Этот план, одобренный французским правительством, был предложен на обсуждение союзных нам правительств. Интересы этих стран заставили их согласиться с нашим предложением и в настоящую минуту я говорю от лица не только Франции, но и от лица ее союзников. Если вы согласитесь, — ваше освобождение последует немедленно. Никто в мире не узнает об этом освобождении: все будет обставлено глубочайшей тайной.
Итак, согласны ли вы? Франция верит вам, мало того, — она, быть может, вверяет в ваши руки свою судьбу. И вы понимаете, конечно, что эта судьба — судьба и вашей родины, так как свержение Советов не только спасет Францию, но и воскресит Россию.

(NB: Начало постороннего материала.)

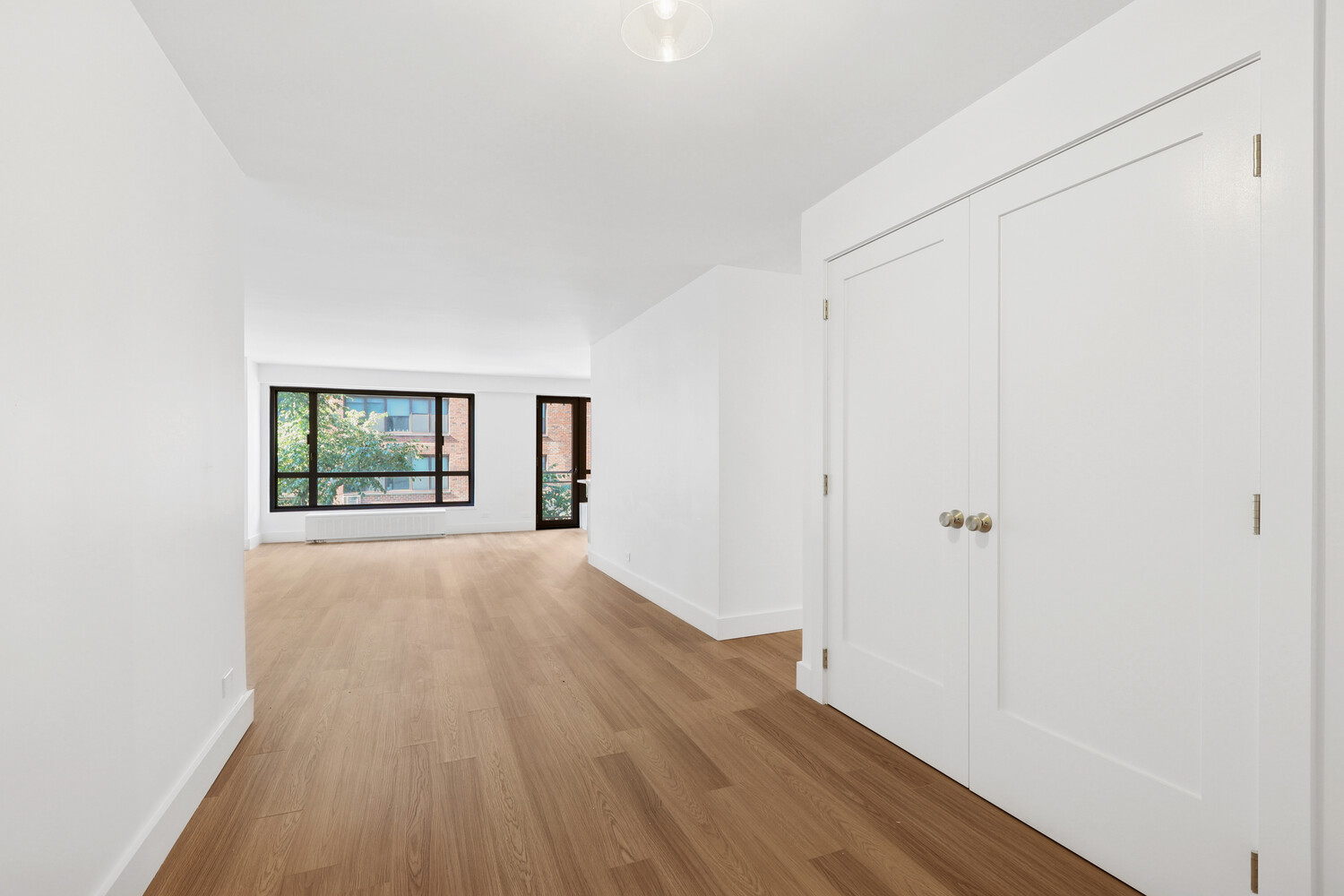 #17 photo, New York City, Yorkville , NY 10128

Бриар кончил свою речь. Мы попросили час на совещание, чтобы обсудить удивительное предложение Бриара. Нас оставили в комнате одних. Кто-то из членов «Союза» сейчас же сказал, что, несмотря на лесть и комплименты ним, наше освобождение стоит только в зависимости от нашего согласия или отказа на предложение Бриара. Таким образом, мы останемся будто бы, несмотря на заявление Бриара, преступниками в глазах Франции, а вся речь Бриара — лицемерие. На это возразили, что нам нет дела до того, искренне или лицемерно к нам относятся. В нашем уставе сказано: «Все для России!» Таким образом, раз предложение Бриара может принести пользу России, мы должны это предложение принять. После короткого обсуждения все пришли к тому же выводу, и я от имени всех сообщил Бриару, что мы согласны на его предложение. В тот же день мы были освобождены.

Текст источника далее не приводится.